[Stored items]
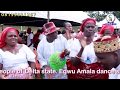 Egwu Amala Cultural Dance by Aboh Kingdom @ NAFEST 2019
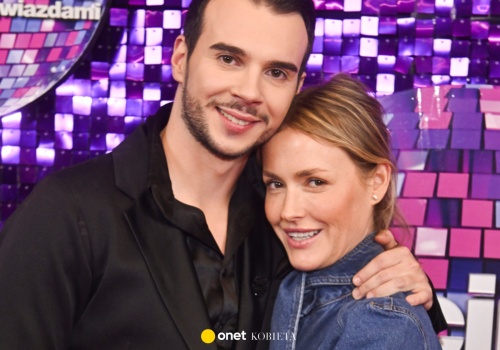 Olga Frycz i Albert Kosiński zostali rodzicami. Znamy imię dziecka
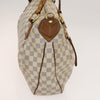 Louis Vuitton Evora Handbag Damier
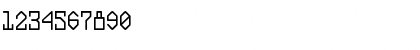 Plasmatic Regular Font Plasmatic Regular Font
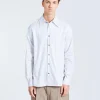 Please Shirt White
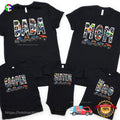 Monster Truck Mama Matching Mommy And Me Shirt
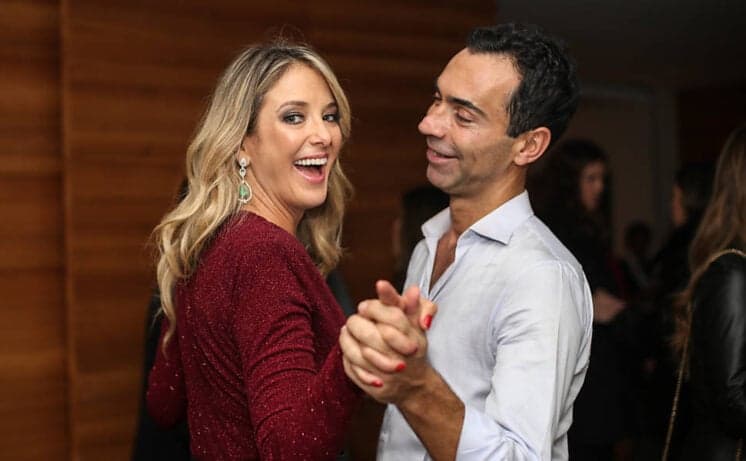 Ticiane Pinheiro pode esperar uma gestação a qualquer momento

__Prompt__: When copying the entries above, keep each word as it is and exclude any image.

__Written answer__:
 Egwu Amala Cultural Dance by Aboh Kingdom @ NAFEST 2019
 Olga Frycz i Albert Kosiński zostali rodzicami. Znamy imię dziecka
 Louis Vuitton Evora Handbag Damier
 Plasmatic Regular Font Plasmatic Regular Font
 Please Shirt White
 Monster Truck Mama Matching Mommy And Me Shirt
 Ticiane Pinheiro pode esperar uma gestação a qualquer momento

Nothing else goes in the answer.